The alphabet agencies, or New Deal agencies, were the U.S. federal government agencies created as part of the New Deal of President Franklin D. Roosevelt. The earliest agencies were created to combat the Great Depression in the United States and were established during Roosevelt's first 100 days in office in 1933. In total, at least 69 offices were created during Roosevelt's terms of office as part of the New Deal. Some alphabet agencies were established by Congress, such as the Tennessee Valley Authority. Others were established through Roosevelt executive orders, such as the Works Progress Administration and the Office of Censorship, or were part of larger programs such as the many that belonged to the Works Progress Administration. Some of the agencies still exist today, while others have merged with other departments and agencies or were abolished.

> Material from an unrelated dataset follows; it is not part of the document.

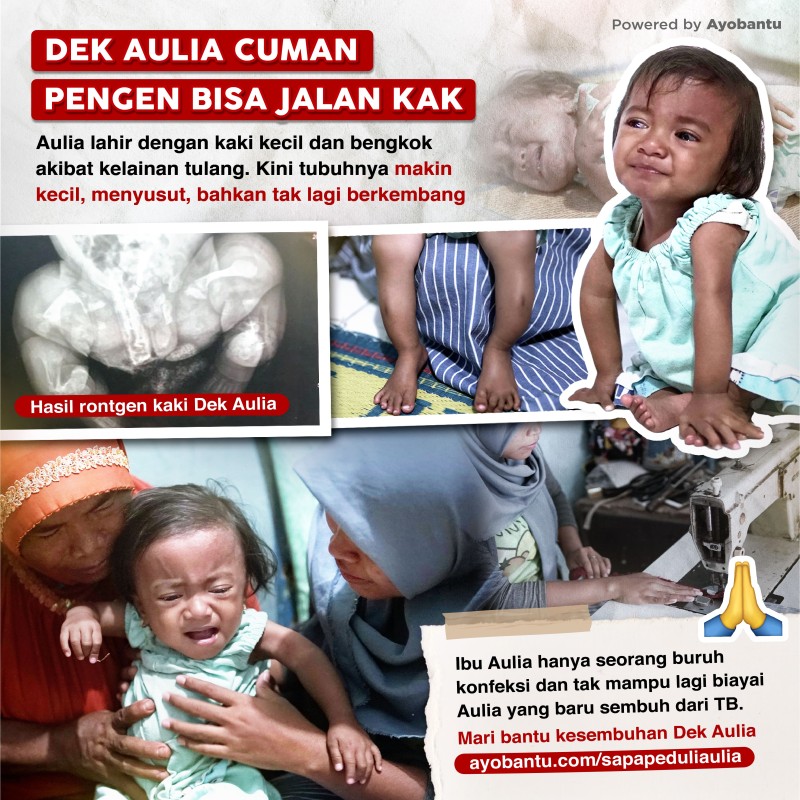 URGENT! Dik Aulia (2 Th) Sejak Lahir Kakinya Kecil dan Bengkok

The agencies were sometimes referred to as alphabet soup. Libertarian author William Safire notes that the phrase "gave color to the charge of excessive bureaucracy." Democrat Al Smith, who turned against Roosevelt, said his government was "submerged in a bowl of alphabet soup." "Even the Comptroller-General of the United States, who audits the government's accounts, declared he had never heard of some of them." While previously all monetary appropriations had been separately passed by Act of Congress, as part of their power of the purse; the National Industrial Recovery Act allowed Roosevelt to allocate $3.3 billion without Congress (as much as had been previously spent by government in ten years time), through executive orders and other means. These powers were used to create many of the alphabet agencies. Other laws were passed allowing the new bureaus to pass their own directives within a wide sphere of authority. Even though the National Industrial Recovery Act was found to be unconstitutional, many of the agencies created under it remained.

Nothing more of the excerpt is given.